The Business Times

Mexican drivers flood to California for 'gasolinazo' relief

Published Thu, Jan 12, 2017 · 05:57 AM

[Houston] Mexico's fuel market liberalization has done something rarely seen before: make California's pump prices look cheap.

Drivers are flooding across the border to southern California to fill up on gasoline, after protesters blocking distribution centers near the Baja California capital of Mexicali caused stations to run dry. Antunez's Shell gas station in Calexico is just five blocks away from the Mexican border and rarely has business been as busy as now. Mexicali drivers wait four to five hours to cross into the US just to fill their fuel tanks and then wait two more hours to cross back into Mexico.
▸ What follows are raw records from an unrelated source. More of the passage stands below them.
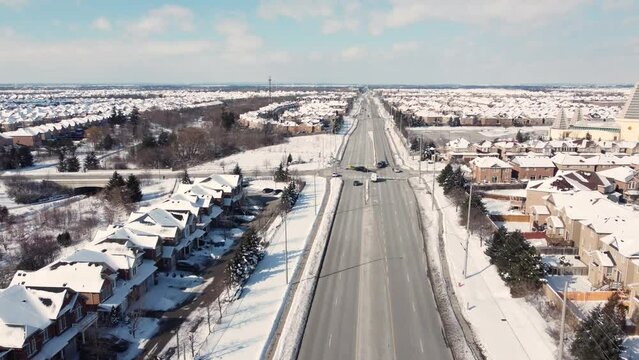 Aerial Flying Over Brampton Residential Urban Townscape Towards Car Crash Accident Scene At Crossroad. Dolly Forward 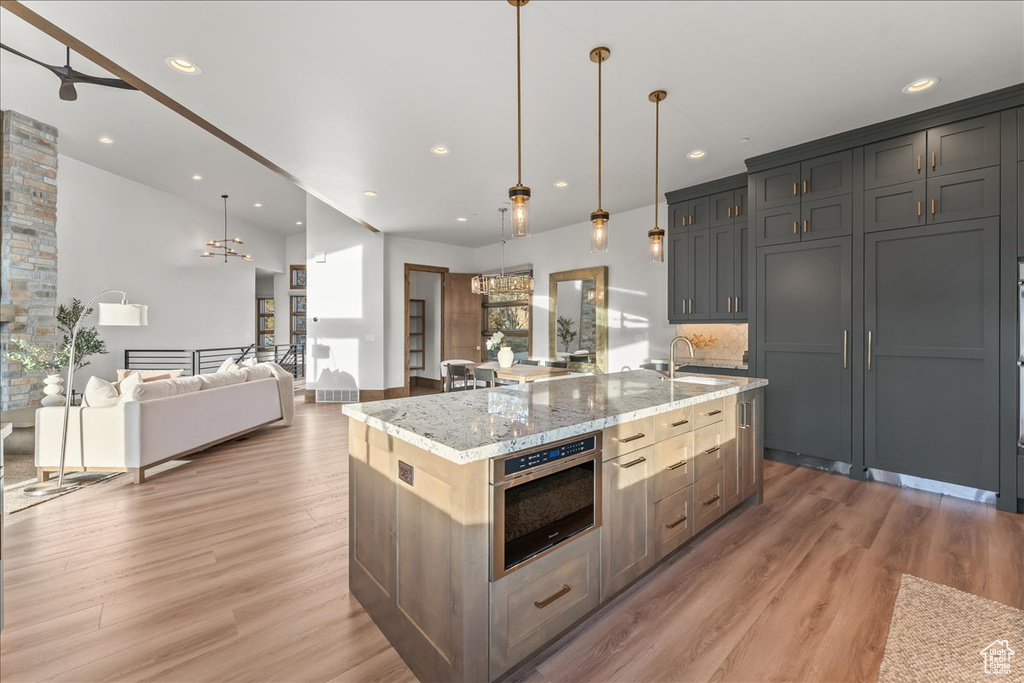 Kitchen with a kitchen island with sink, ceiling fan with notable chandelier, pendant lighting, light hardwood / wood-style floors, and light stone countertops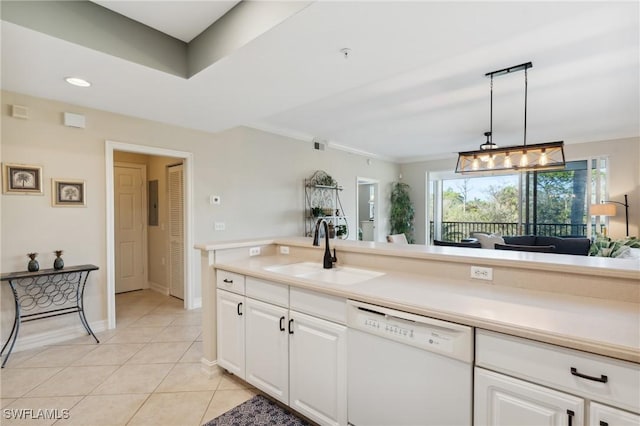 kitchen with dishwasher, light countertops, light tile patterned floors, white cabinetry, and a sink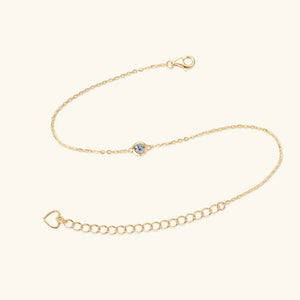 Gold moissanite solitaire chain bracelet with heart charm and adjustable clasp.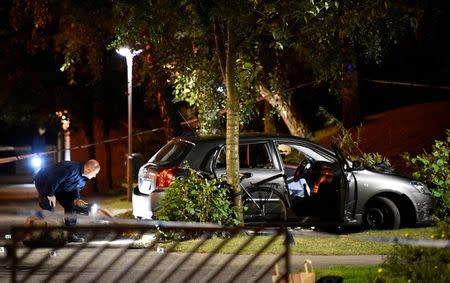 FILE PHOTO: Police technicians examine the car which people who were injured were traveling in, after a shooting in southern Malmo, Sweden September 25, 2016. TT News Agency/Emil Langvad via Reuters/File Photo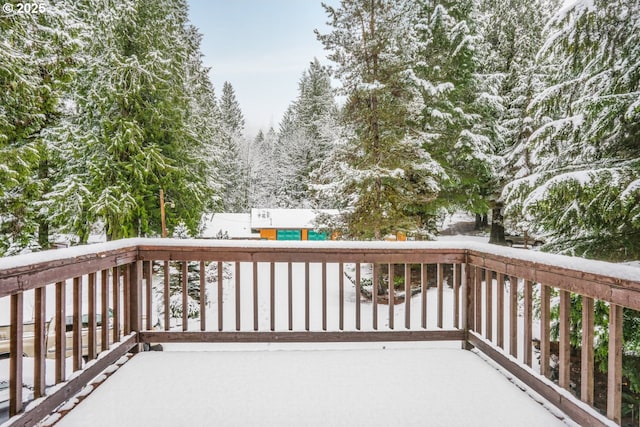 view of snow covered deck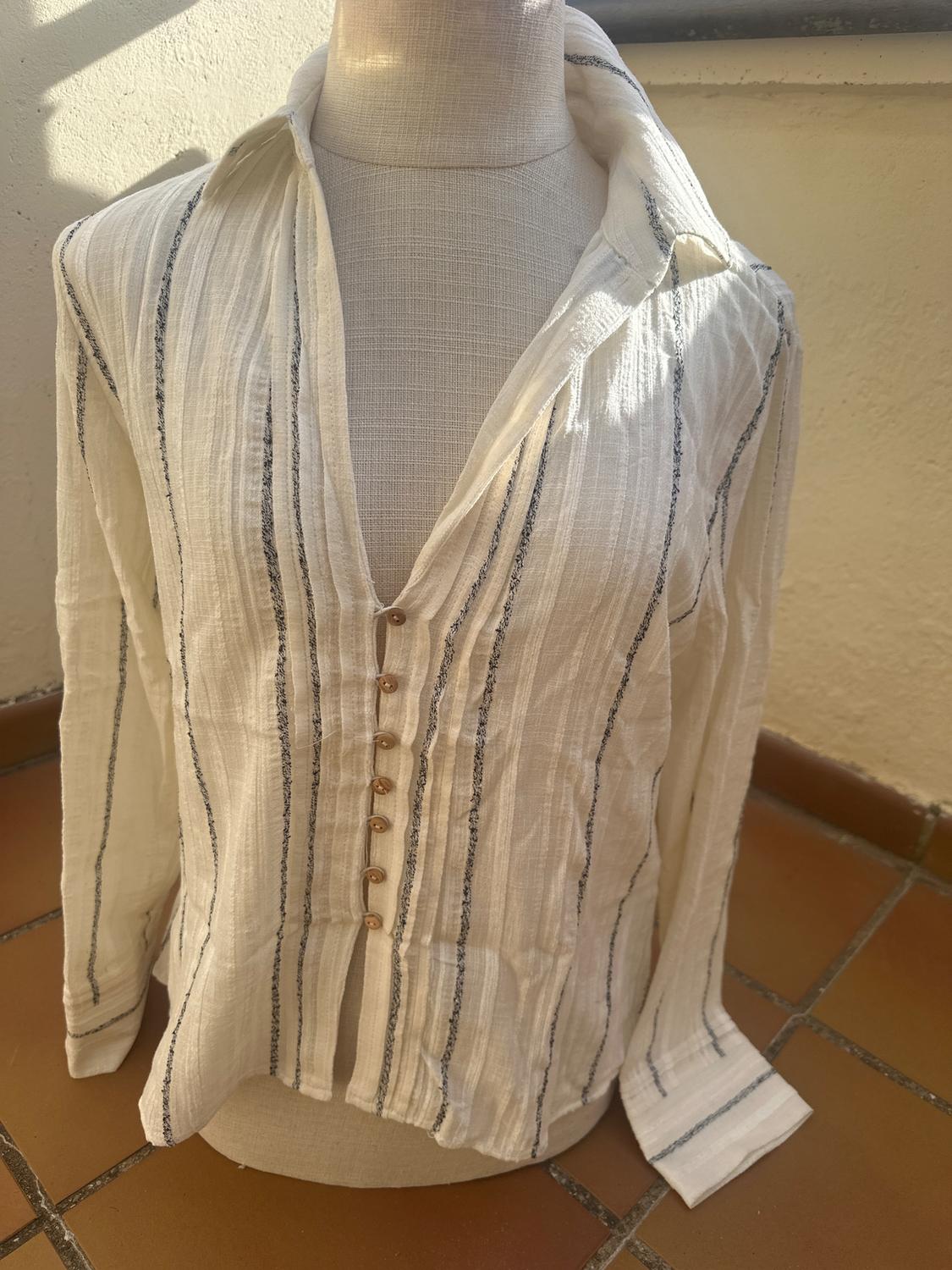 White shirt with black stripes and brown buttons on a mannequin, lit by natural light on a brown tiled floor.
"Right now, it's crazy," Rodrigo Marquez, 30, a station employee, said in a telephone interview. "We are having a lot, lot of people, everybody is fueling up their tanks." As Mexico opens a formerly monopolized market to foreign competitors for the first time in nearly eight decades, the government increased fuel prices to attract imports and outside competition. The 20 per cent hike, dubbed a "gasolinazo," or fuel-price slam, sparked protests across the country that curtailed fuel distribution, leaving Petroleos Mexicanos, or Pemex, struggling to keep its stations supplied.

Unleaded gasoline in Mexicali was increased in January to 16.17 pesos a liter, or S$1.05 a gallon. Seventeen miles north across the border in El Centro, California, pump prices jumped 5.3 cents a gallon to average US$2.718 as of 5 pm New York time Wednesday, according to GasBuddy, a price tracking company.

"There is a very important commercial exchange happening in the border region," said Jose Angel Garcia, the president of Mexico gasoline retailer association Onexpo. "There are trucks with large tanks being used to bring fuel into Mexico from the US." Pemex said in a tweet it removed blockades in Mexicali's fuel distribution center early Wednesday. As of Tuesday, wait times at the Calexico/Mexicali border were twice as long as normal, according to Best Time to Cross the Border, a website created by a University of California-San Diego team.

The demand from Mexico may push prices up further in Southern California, where prices near the border were up 11.8 cents from last week, according to GasBuddy.

As many as 10 cars at a time can be seen lining up at Antunez's to fill their tanks and the station is having to resupply its own tanks about once a day, Mr Marquez said. Usually the tanks are replenished every three to four days.

California gasoline prices are notoriously volatile and sensitive to supply interruptions due to its geographic isolation from the rest of the country's refining and pipeline distribution systems, according to Patrick DeHaan, senior analyst at GasBuddy.

"There certainly could be some disruption if motorists coming across the border overwhelm California systems," Mr DeHaan said.